If a consonant does not block nasal spread, it usually but not always also nasalises, with the exception of the glottal stop for articulatory reasons (if airflow is stopped in the glottis then it cannot flow through the nose). Voicing seems relevant, since some languages show a voiced stop/obstruent ~ nasal alternation, but have unvoiced obstruents as blockers which do not assimilate.

Example: Aguaruna

The following description comes from Simon Orverall’s grammar. In Aguaruna, a language of the Peruvian Amazon, the domain of nasalisation is a sequence of contiguous vowels and glides within a single phonological word. Compare the following:

  1. [sṹw̃ɨ̃] ‘neck’
  2. [súwɨ] ‘dark’
  3. [ỹã́ỹã] ‘rat’
  4. [yáya] ‘star’

Bound morphemes may trigger alternations in stems. Compare:

  1. [nṹw̃ĩ], morphologically nu=ĩ
  2. [ⁿdúβi], morphologically nu=i

Nasalisation itself is a marker of possession:

  1. [nã́w̃ɨ̃], ‘his/her foot’, ‘our feet’
  2. [ⁿdã́w̃ɨ̃] ‘a foot’

Nasalisation is blocked by non-glides, as in [húkĩ]. Nasalisation can also be realised as an excrescent nasal consonant when the nasal domain is followed by one of /p, t, k, ts, tʃ/.

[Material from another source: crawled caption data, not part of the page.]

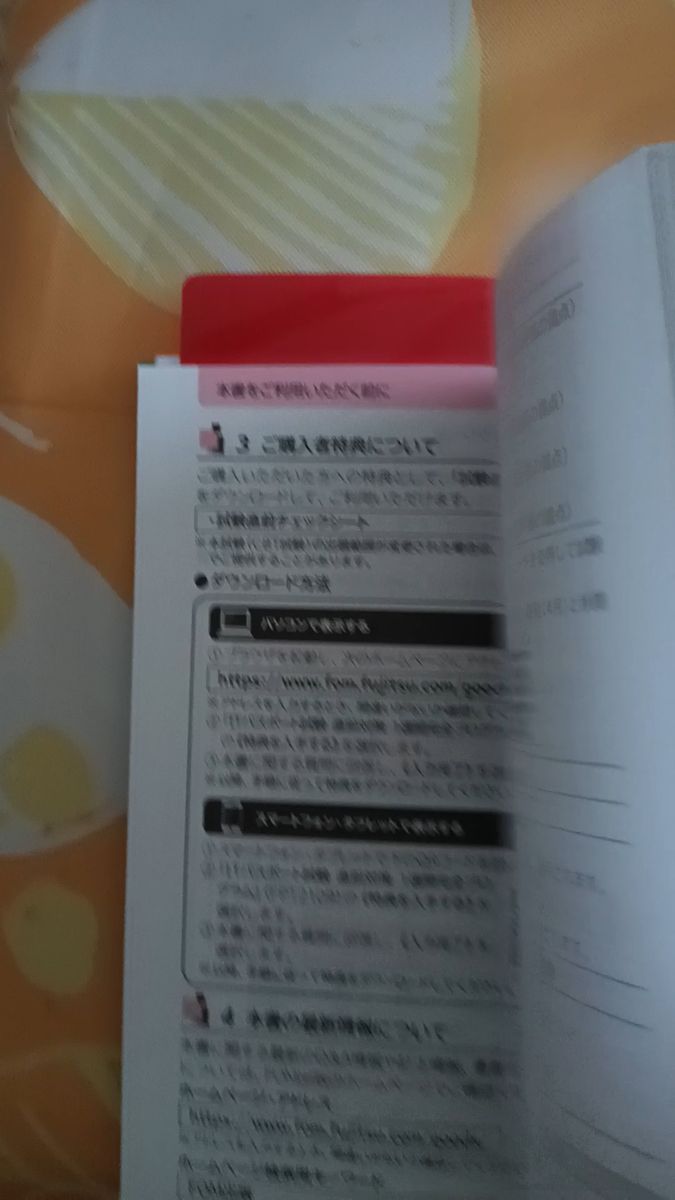 ITパスポート試験 直前対策 1週間完全プログラム (よくわかるマスター)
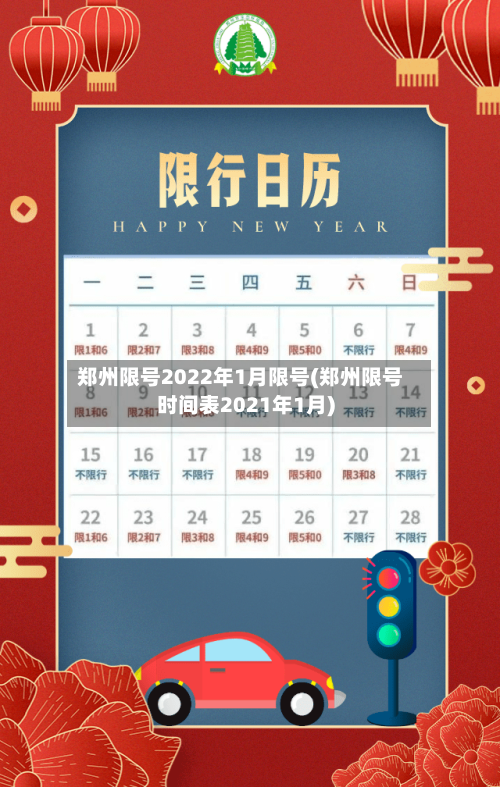 郑州限号2022年1月限号(郑州限号时间表2021年1月)-第1张图片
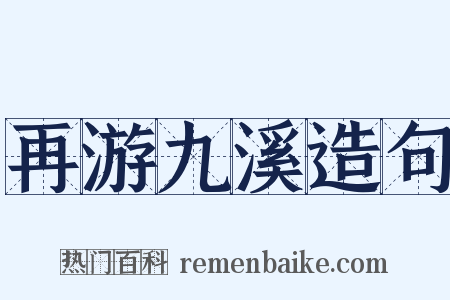 再游九溪造句是什么意思的图片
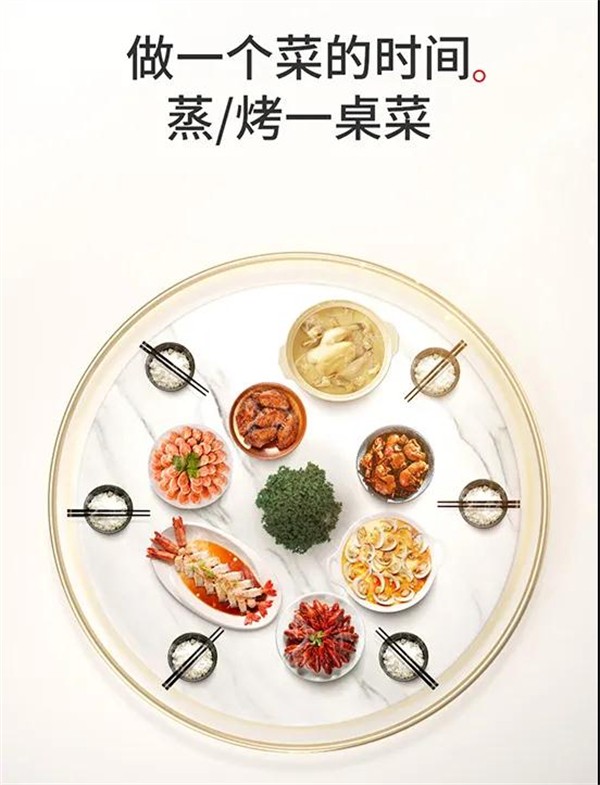 美盼集成灶丨众口可调 满足多种需求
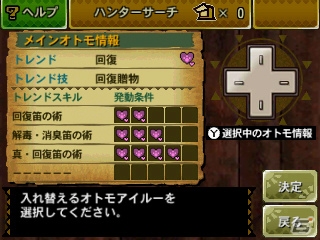 【まるカプ！モンスターハンター4総力特集第4回】ボクらがいれば百人力ニャ！アイルーのトレンドやテンションって？「オトモアイルー」「マルチプレイ」篇の画像57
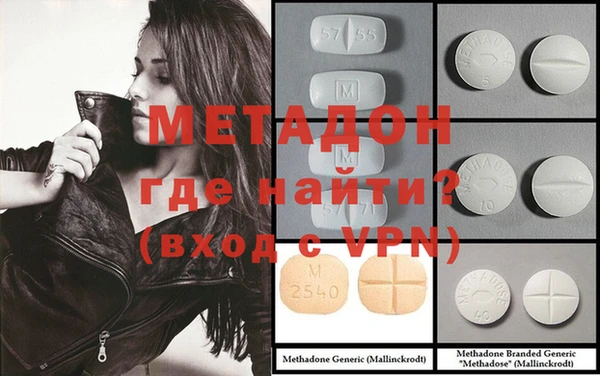 не бодяженный Навашино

Nasal consonants show more complex allophony than glides. They are nasals in front of a nasal vowel, prenasalised voiced stops before an oral vowel, and can be plain voiced stops before an oral vowel word initially. The following examples show denasalisation before an oral vowel:

  1. /míʃu/ [bíʃu] ~ [ᵐbíʃu]
  2. /yamái/ [yaᵐbɛ́i]

Nasal consonants, even when they partially denasalise before an oral vowel, appear to induce nasality to their left. For example /mínau/ is given as [míⁿdou] and not [bíⁿdou], presumably because the nasal /n/ triggers nasalisation of the preceding syllable. The transcription in the grammar is somewhat confused on this point: nasalisation of the vowels is not written when a nasal domain ends in a phonemic or excrescent nasal consonant, but allophony elsewhere suggests that the preceding domain is nasalised even so.

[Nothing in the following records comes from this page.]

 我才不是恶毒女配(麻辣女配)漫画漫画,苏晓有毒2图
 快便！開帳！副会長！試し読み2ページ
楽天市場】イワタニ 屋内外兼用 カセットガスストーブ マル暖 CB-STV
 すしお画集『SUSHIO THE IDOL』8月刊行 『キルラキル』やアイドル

Languages without Blocking Consonants

The typology here suggests a fundamental split between the Aguaruna type, where a consonant normally either blocks and does not assimilate or permits spread and assimilates, and a type where these two properties are separated so that non-assimilating consonants do not block nasal spread. Tucano is of this type, with individual morphemes typically being nasal or oral and not mixed, even if they contain what would be blocker consonants in other languages. Note the non-blocking behaviour of intervocalic unvoiced stops and unvoiced obstruents in the following examples, even though they do not assimilate:

  1. nĩtĩ ‘charcoal’
  2. mãsã ‘people’
  3. sũkũã ‘small of back’

Conclusion

This was a simplified overview of the topic, but I think it is interesting because nasal harmony probably has a lower profile than other types of vowel harmony. This may be due to its uneven global distribution, with less documented areas being hot spots, and also because no major world language I can think of has productive nasal harmony.